# What is expected
Your task is to transcribe the data exactly while omitting each picture.

# Input data
□ □ □ □ □ □ □

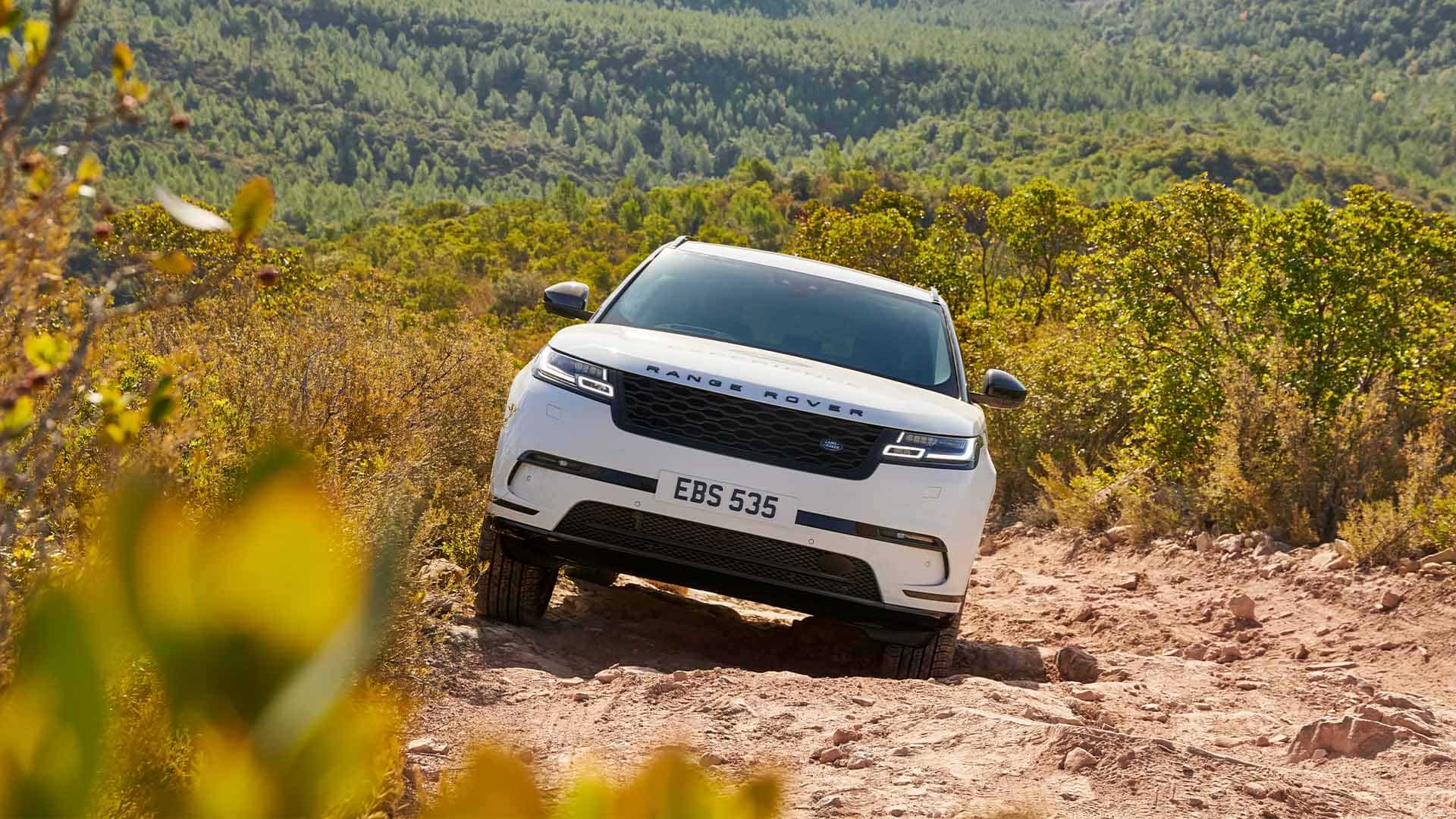 White Velar driving through muddy terrain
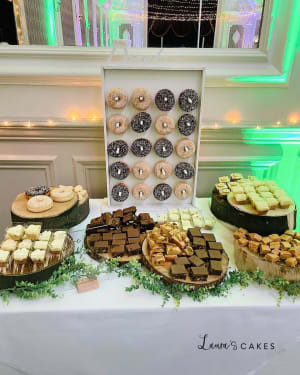 Wedding cake: A table with desserts and pastries on it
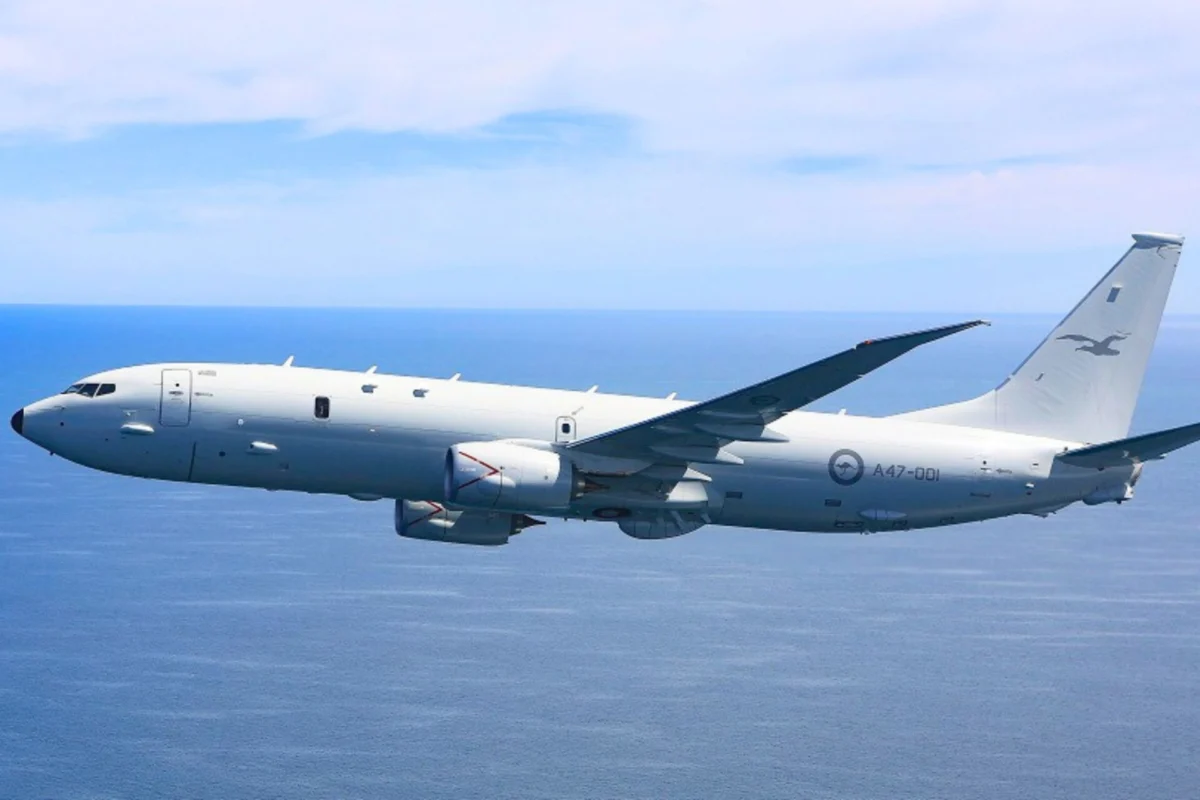 Military transport aircraft flying over the ocean viewed from the side with wings and tall tail visible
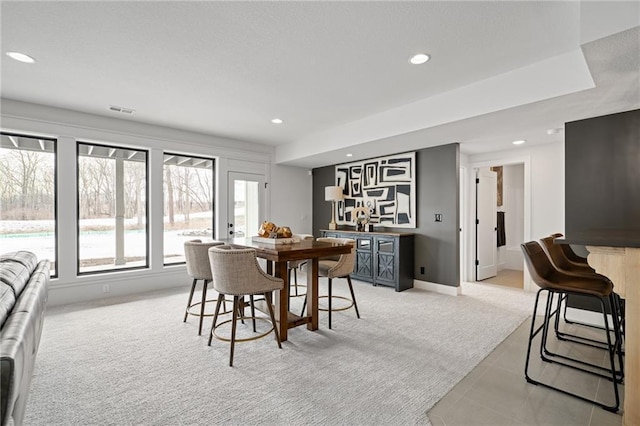 view of carpeted dining space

□ □ □ □ □ □ □

# Solution for this problem
 White Velar driving through muddy terrain
 Wedding cake: A table with desserts and pastries on it
 Military transport aircraft flying over the ocean viewed from the side with wings and tall tail visible
 view of carpeted dining space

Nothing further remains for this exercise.